Am Text kann es ja wohl kaum liegen. 
Es liegt also wahrscheinloich an der Stelle wo du den Dialog aufrufst.
Kann es ein, daß der Dialog sich hinter einem anderen Frame verbirgt? ..


----------



## Felix (26. Feb 2006)

ne, der dialog ist ja da, aber der Text erscheint nicht...

daran dass ich ihn zum 2. mal aufrufe liegt es auch nciht, denn wenn ich das 1. mal weglassen erscheint der Text auch nicht. Wenn ich den Text in ein JTextField einfüge erscheint beim ersten mal der Text mit dem JTextField, beim 2. mal erscheint der JTextField nicht im Dialog...
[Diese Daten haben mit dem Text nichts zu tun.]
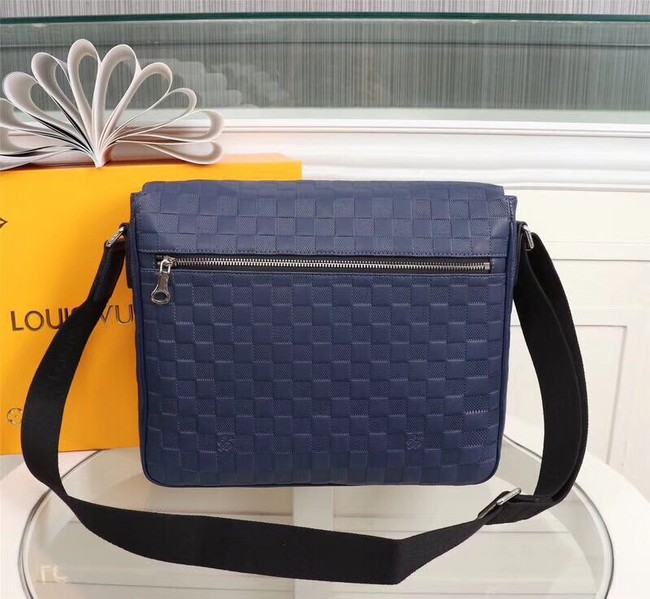 Louis Vuitton DISTRICT PM N41038 blue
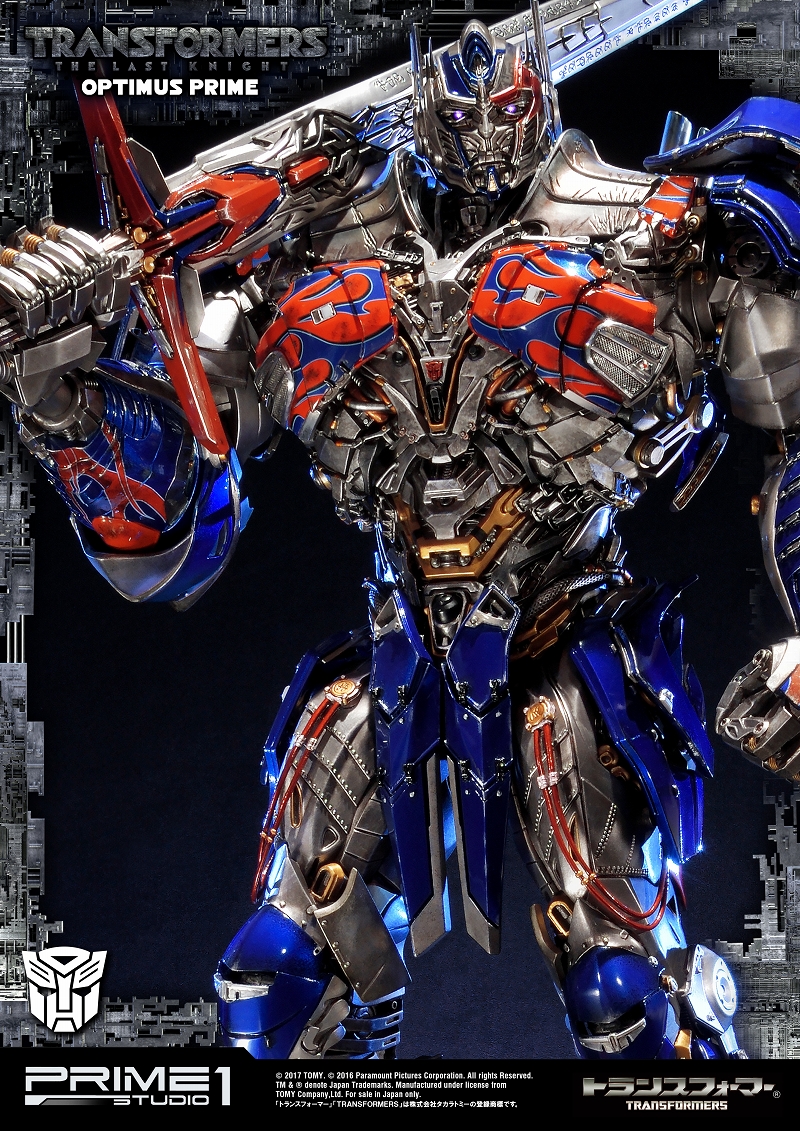 Transformers: The Last Knight - Convoy - Museum Masterline Series  (MMTFM-16) (Prime 1 Studio) photo 41
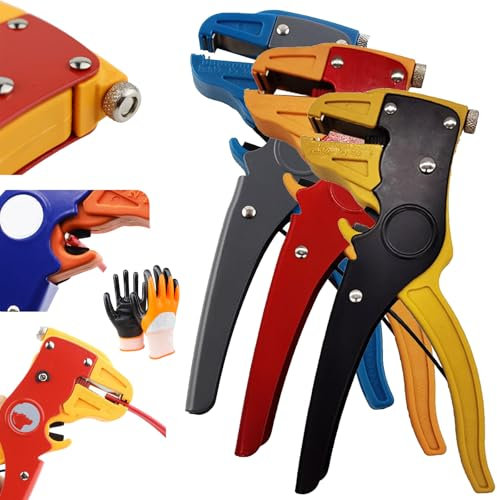 Quickstrip Abisolierzange, Vista Abisolierzange, Quick Strip Abisolierzange, Quickstriper Abisolierzange,Quick Stripper, 2 in 1 Abisolierwerkzeug für Kabeldraht-Reparatur (3pcs)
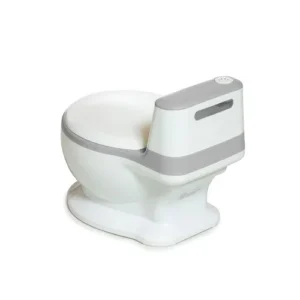 Mini inodoro pelela gris love -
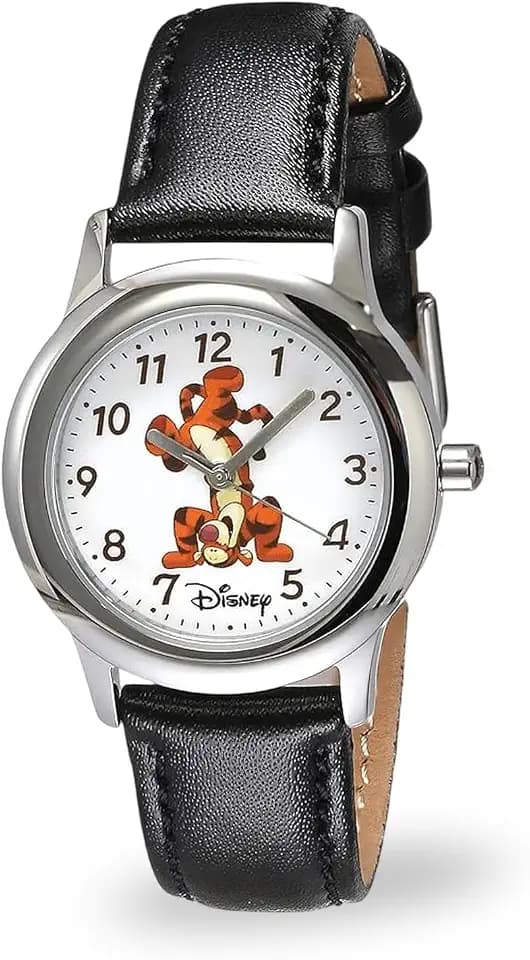 Disney Tween Stainless Steel Analog Quartz Watch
seltsam... ich denke es liegt an dem Code, der den Dialog aufruft...


----------



## lin (26. Feb 2006)

wo bitte ist da der Unterschied

"Sie werden am System angemeldet..."
"Sie werden von System abgemeldet..."

liegt ja wohl kaum am Text...


----------



## André Uhres (26. Feb 2006)

Wenn du die beiden Aufrufe vertauschst, dann erscheint wahrscheinlich der Text "..abgemeldet.." und der andere nicht. 
Folglich liegt es nicht an dem Code der den Dialog aufruft, sondern daran *wo* du ihn aufrufst..


----------